前記脂質ナノ粒子が、ＤＳＰＣ（１，２−ジステアロイル−ｓｎ−グリセロ−３−ホスホコリン）、ＤＰＰＣ（１，２−ジパルミトイル−ｓｎ−グリセロ−３−ホスホコリン）、ＤＯＰＥ（１，２−ジオレイル−ｓｎ−グリセロ−３−ホスホエタノールアミン）、ＤＰＰＥ（１，２−ジパルミトイル−ｓｎ−グリセロ−３−ホスホエタノールアミン）、ＤＭＰＥ（１，２−ジミリストイル−ｓｎ−グリセロ−３−ホスホエタノールアミン）、ＤＯＰＧ（，２−ジオレイル−ｓｎ−グリセロ−３−ホスホ−（１’−ｒａｃ−グリセロール））、及びコレステロールから選択される１つ以上のヘルパー脂質を含む、請求項１８または請求項１９に記載の前記組成物。
前記脂質ナノ粒子が、ペグ化脂質を含む、請求項１８〜２０のいずれか一項に記載の前記組成物。
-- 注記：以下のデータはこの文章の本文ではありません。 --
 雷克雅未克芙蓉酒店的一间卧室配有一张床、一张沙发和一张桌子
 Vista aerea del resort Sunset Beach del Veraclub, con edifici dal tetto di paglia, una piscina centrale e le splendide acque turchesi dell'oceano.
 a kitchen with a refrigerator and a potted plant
前記脂質ナノ粒子が、１つ以上の陽イオン性脂質、１つ以上のヘルパー脂質、及びペグ化脂質を含む、請求項１８に記載の前記組成物。
前記担体が、ポリマーを含む、請求項１６に記載の前記組成物。
前記ポリマーが、ポリエチレンイミンである、請求項２３に記載の前記組成物。
請求項１〜１５のいずれか一項に記載の前記ｍＲＮＡ分子、または請求項１６〜２４のいずれか一項に記載の前記組成物を含む、タンパク質をインビボで産生するための組成物。
治療用タンパク質のインビボでの発現を誘発することができる薬物の製造のための、請求項１〜１５のいずれか一項に記載のｍＲＮＡ分子の使用。
治療用タンパク質のインビボでの発現を誘発するための組成物であって、請求項１〜１５のいずれか一項に記載のｍＲＮＡ分子を含む、組成物。